In der dritten Geschichte trifft der Leser nun auf Babs Stanebein, die über ihren Liebhaber, ihre Nachbarin und ihr Leben räsonniert und einen missglückten Versuch unternimmt, sich arbeitslos zu melden. Atemlos, sprachmächtig, wie in einem Fiebertraum, zieht uns diese Prosa in ihren Bann, entfaltet sich der Roman dieser begabten Autorin durch drei Geschichten, die sich überlagern und ergänzen, wobei der Schluss in den Anfang zurückführt.

Rezensionsnotiz zu Frankfurter Rundschau, 18.07.2005

Joachim Otte warnt eindringlich davor, sich von dem "kriminell aussagelosen" Titel nicht abhalten zu halten, denn bei Claudia Klischat habe es der Leser keineswegs mit einem neuen Fräuleinwunder zu tun.

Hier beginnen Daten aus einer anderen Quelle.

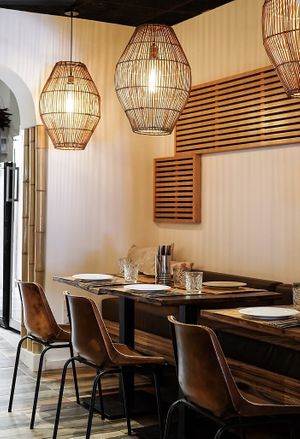   at Isaan Thai Cuisine in Mallorca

Die Frau kann was! Ihr Debüt verbindet die Geschichten dreier Menschen, die miteinander verbunden sind, aber nicht mehr mit der Realität. Da sind Babs, die unter chronischem Gedankenwust leidet, Tom, der sich in seinem schizoiden Bewusstsein Erinnerungen durch Einbildungen ersetzt, und schließlich Veit, ein jugendlicher Straftäter und psychotischer Selbst-Ironiker. Großartig findet Otte, wie gekonnt Klischat "repetetiv-hypnotischen Strukturen" oder auch eine "Syntax mit ausgefeilter Gangschaltung" entwirft. Zum Schluss legt Otte dann aber selbst die Handbremse an: Klischat kann viel, aber nicht so viel wie sie möchte. Ihr "Vorsprung durch Technik" mache nicht wett, dass ihr doch die Welt fehle.